Within the listing below, give again exactly the lines between the one containing "Luxury Rectangular White" and the one containing "Wynd Radiant Cut", inclusive, pictures left aside.

---------- Materials provided ----------

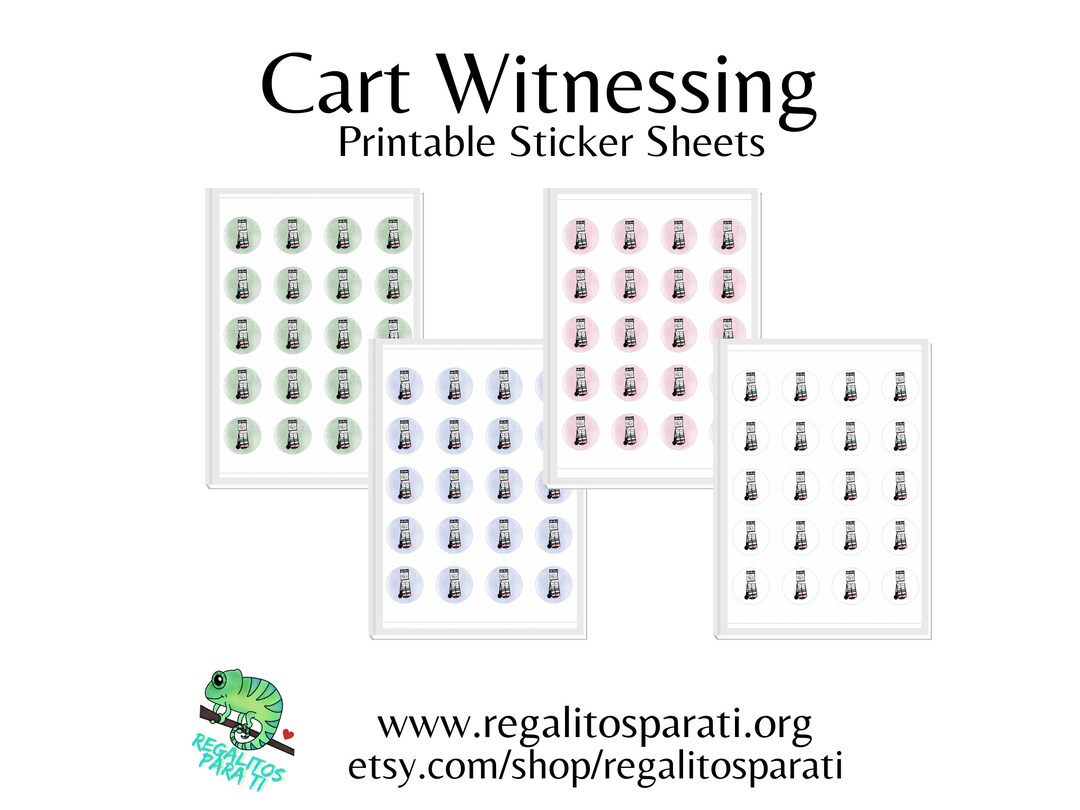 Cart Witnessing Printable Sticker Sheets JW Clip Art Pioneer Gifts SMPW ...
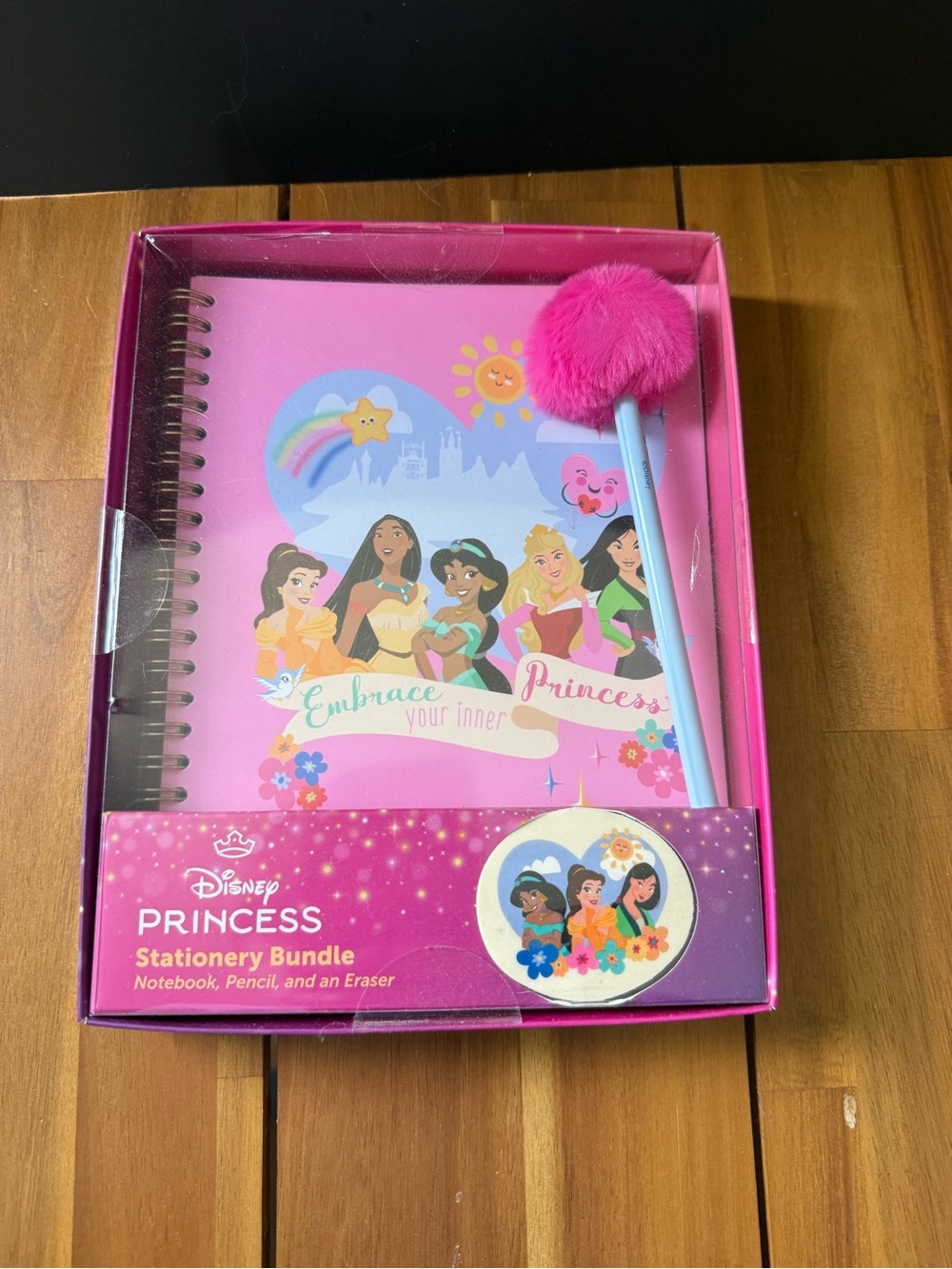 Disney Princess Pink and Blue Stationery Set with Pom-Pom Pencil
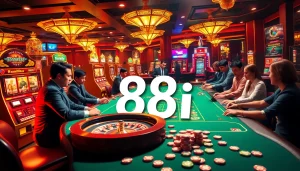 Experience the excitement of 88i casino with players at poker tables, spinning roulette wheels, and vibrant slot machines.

----------
---------- Materials provided ----------

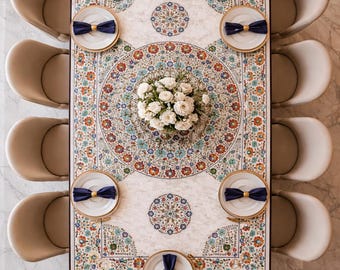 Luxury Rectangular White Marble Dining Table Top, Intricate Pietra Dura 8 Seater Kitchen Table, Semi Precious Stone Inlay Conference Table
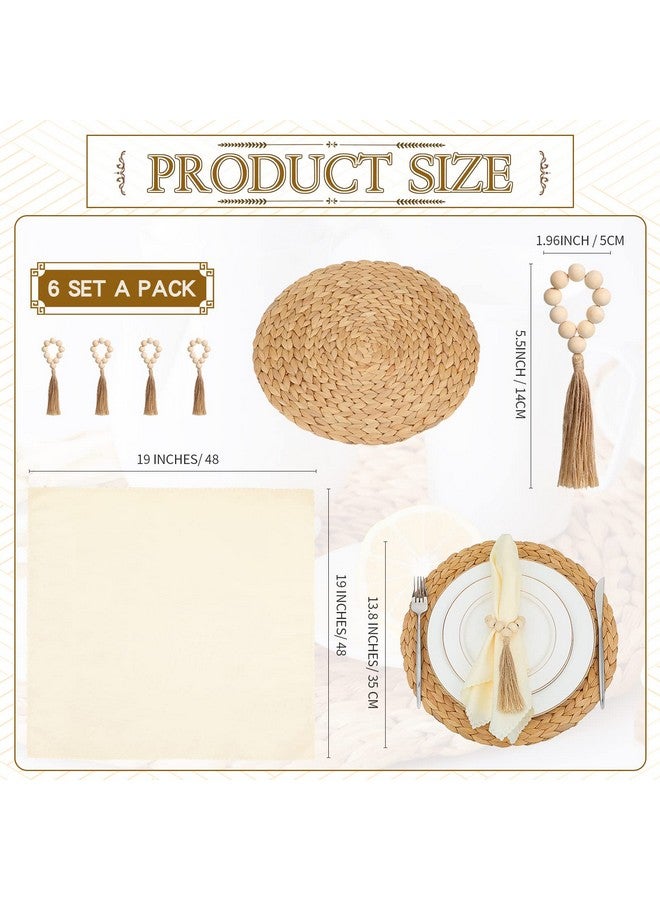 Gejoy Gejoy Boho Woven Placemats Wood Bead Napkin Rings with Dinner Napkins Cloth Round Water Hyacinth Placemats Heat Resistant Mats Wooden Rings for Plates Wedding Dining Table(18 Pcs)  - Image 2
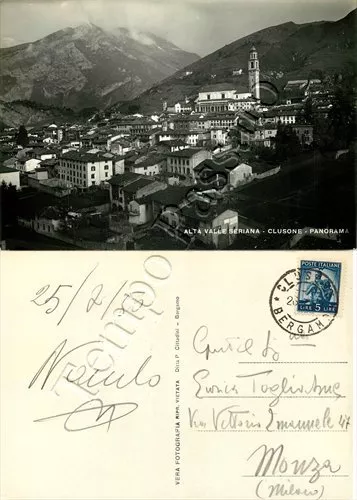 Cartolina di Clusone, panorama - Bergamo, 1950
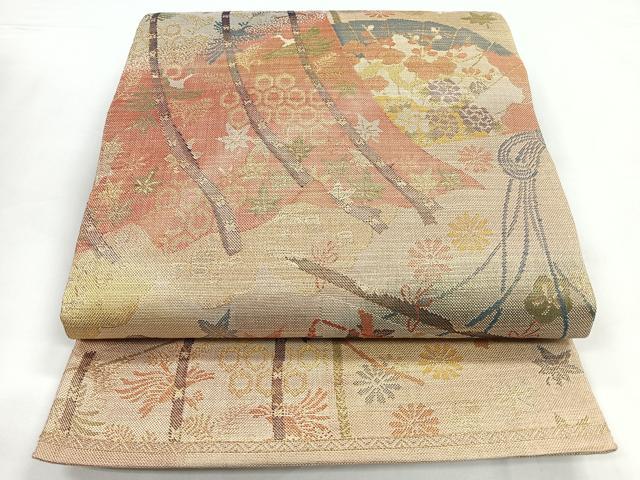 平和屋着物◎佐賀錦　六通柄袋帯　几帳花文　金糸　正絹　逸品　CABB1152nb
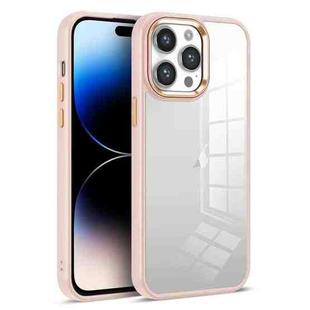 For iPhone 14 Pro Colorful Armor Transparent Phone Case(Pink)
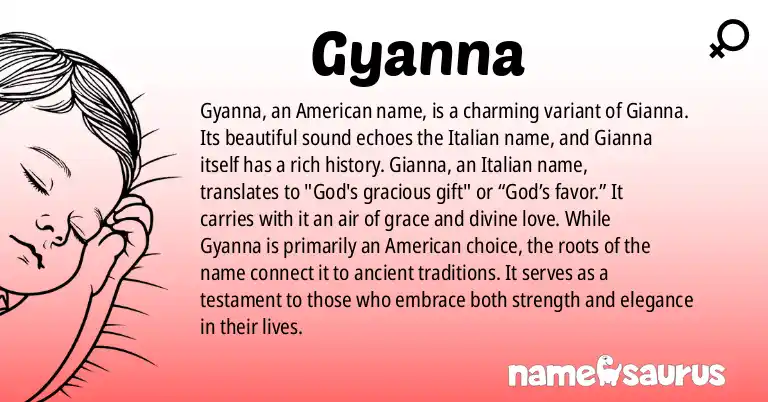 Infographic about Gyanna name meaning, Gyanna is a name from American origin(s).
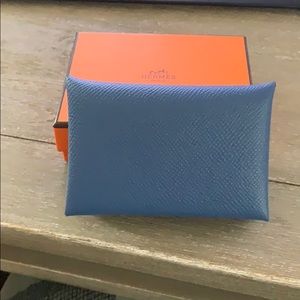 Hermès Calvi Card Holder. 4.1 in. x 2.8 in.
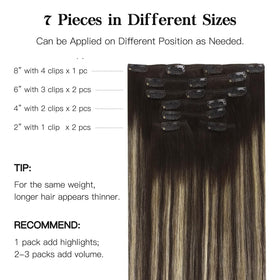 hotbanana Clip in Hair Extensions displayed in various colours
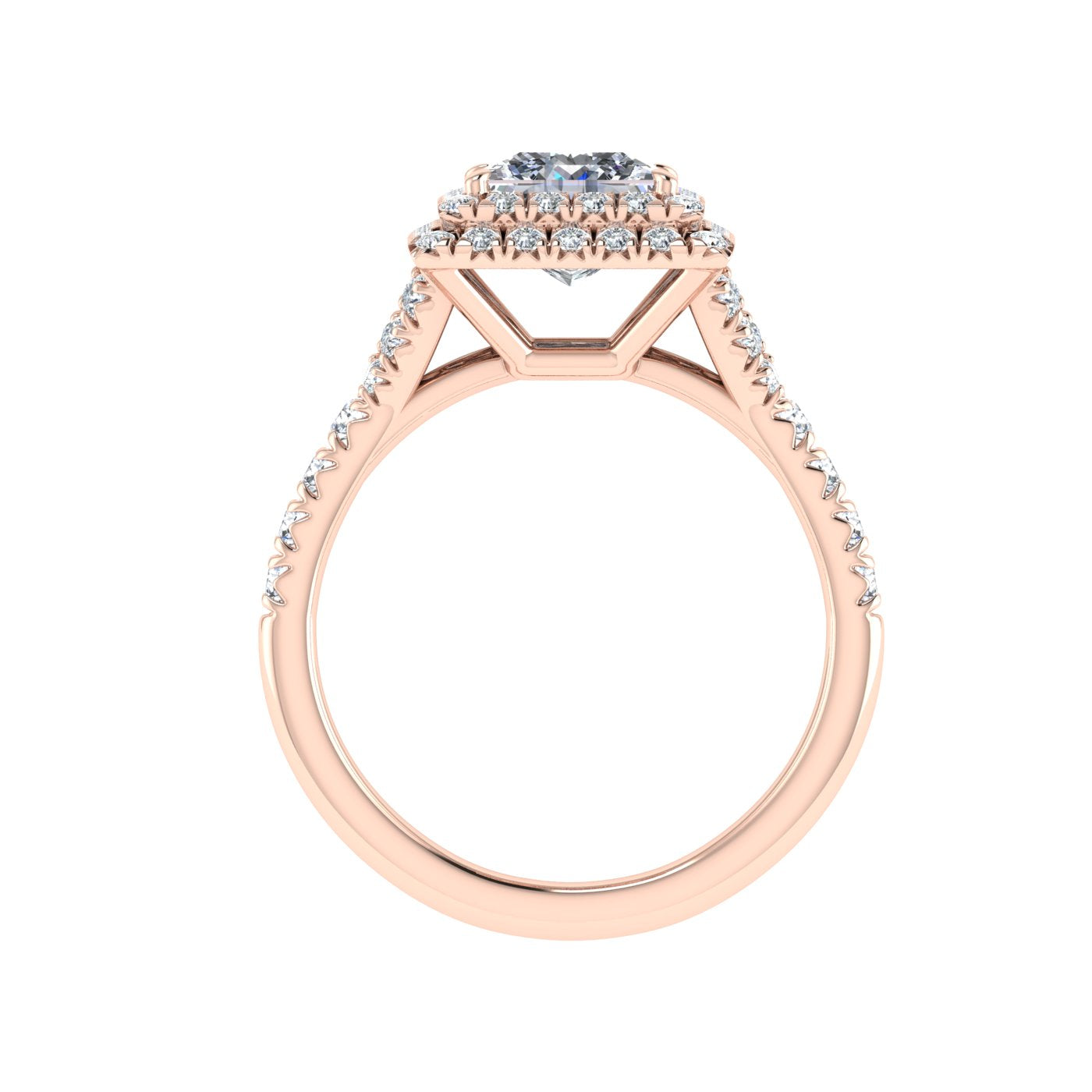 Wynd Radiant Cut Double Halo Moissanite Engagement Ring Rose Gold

----------

*Answer to the exercise*.
 Luxury Rectangular White Marble Dining Table Top, Intricate Pietra Dura 8 Seater Kitchen Table, Semi Precious Stone Inlay Conference Table
 Gejoy Gejoy Boho Woven Placemats Wood Bead Napkin Rings with Dinner Napkins Cloth Round Water Hyacinth Placemats Heat Resistant Mats Wooden Rings for Plates Wedding Dining Table(18 Pcs)  - Image 2
 Cartolina di Clusone, panorama - Bergamo, 1950
 平和屋着物◎佐賀錦　六通柄袋帯　几帳花文　金糸　正絹　逸品　CABB1152nb
 For iPhone 14 Pro Colorful Armor Transparent Phone Case(Pink)
 Infographic about Gyanna name meaning, Gyanna is a name from American origin(s).
 Hermès Calvi Card Holder. 4.1 in. x 2.8 in.
 hotbanana Clip in Hair Extensions displayed in various colours
 Wynd Radiant Cut Double Halo Moissanite Engagement Ring Rose Gold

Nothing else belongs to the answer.